James Melita, the town attorney, told the board, “It just helps provide the staff guidance in addressing these matters, and it also gives the public information about addressing these matters, too, if they feel they’ve been discriminated against.”
Melita added, “Luckily, up to this point, we haven’t received any complaints … even though we didn’t have this plan … I think the staff already does a fine job, and this just gives some additional guidance”;
— Heard a recommendation from resident Karen White that Guilderland set up a station for residents to recycle food scraps, similar to the system used in the neighboring town of Bethlehem. She suggested a “drop spot” at the town’s transfer station where residents, for free, could leave their food scraps, which would be picked up and composted, with “really good dirt” returned to the town.

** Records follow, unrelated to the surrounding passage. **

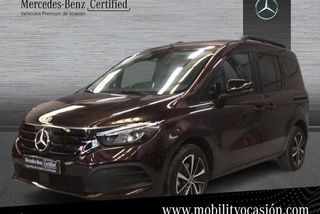 Mercedes EQT 200 - Foto 1
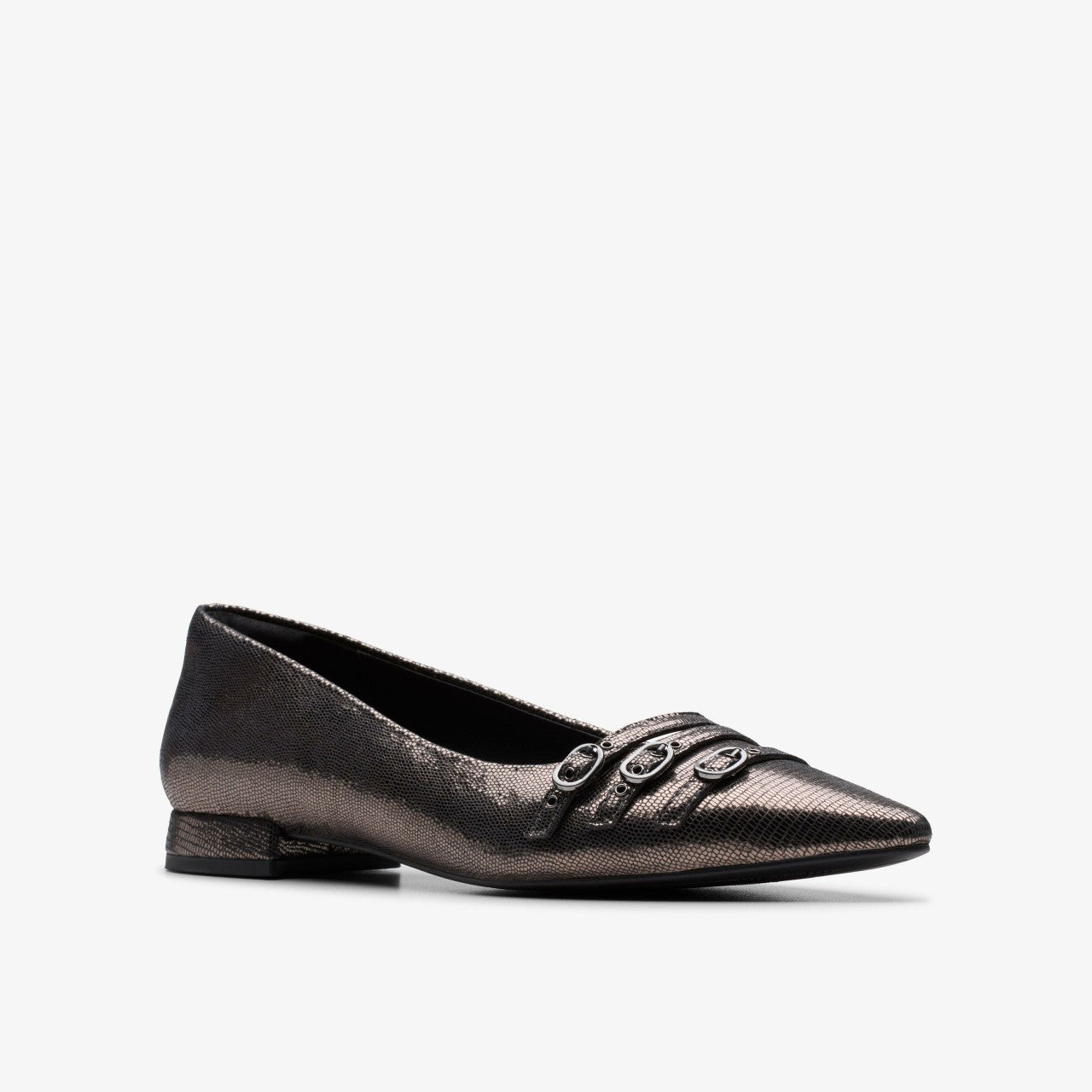 Sensa 15 Strap Metallic | Clarks Onsale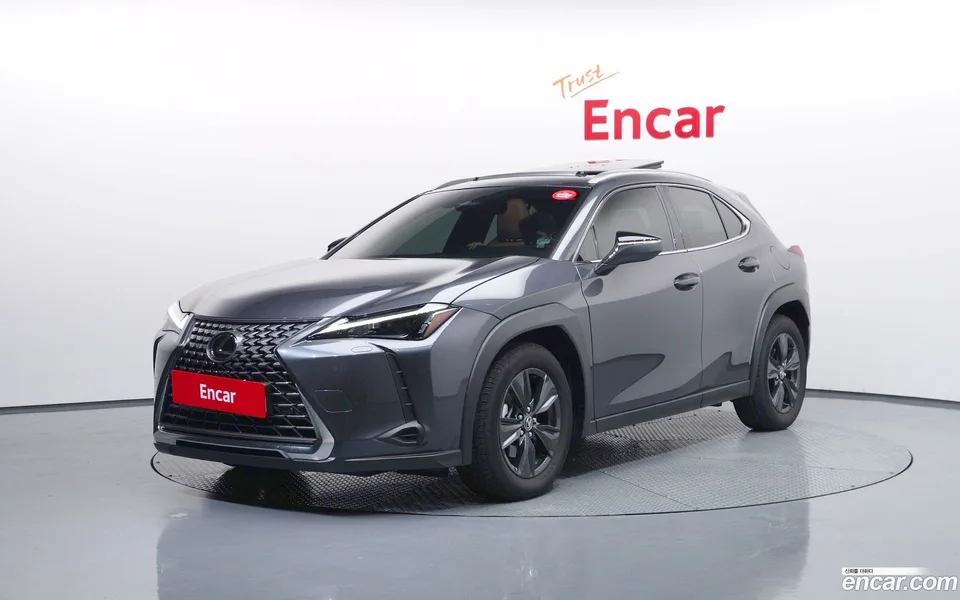 Lexus UX 300h 2025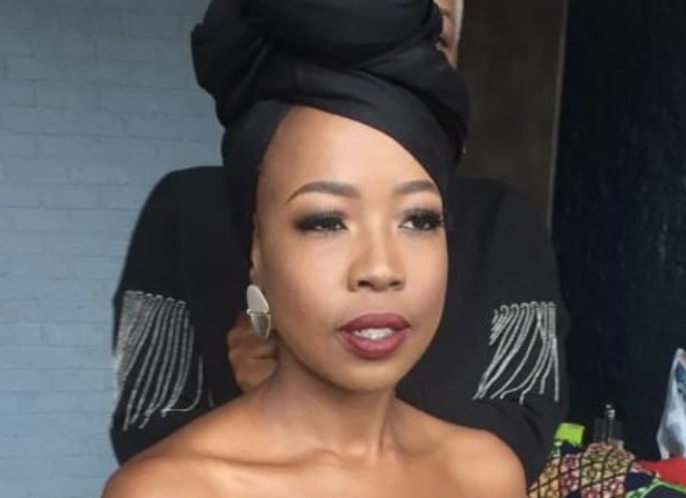 Ntsiki Mazwai has some criticisms of MoFlava and his show.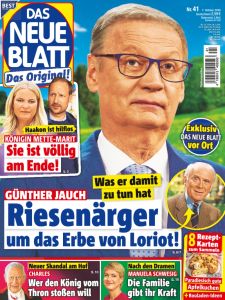 DAS NEUE BLATT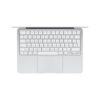 macbook neo 13″ apple a18 cpu 6core gpu 5core, 512gb ssd, 8gb ram touch id silver mhfc4le a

White concluded, “It’s an expense, but think about how much compostable food scraps are now getting landfilled. So it’s really a shame when you watch the news about the flooding and the wildfires and everything else”;
— Heard from Barber that Albany’s Playhouse Stage Company will present “Oklahoma!” at the Guilderland Performing Arts Center July 31 to Aug. 2, free to town residents;
— Heard from Barber that Town Hall will close at 12:30 p.m. on Aug. 8 for Employee Appreciation Day when town workers will have a picnic; and
— Heard from Beedle that the Guilderland Farmers’ Market has signed a new three-year contract. The market is held Saturdays and Sundays from 10 a.m. to 2 p.m. in the Guilderland Public Library’s upper parking lot at 2228 Western Ave.
“You can shop local, support small businesses,” said Beedle. “They have dozens of rotating vendors and the veggie vendors are just starting to come out.”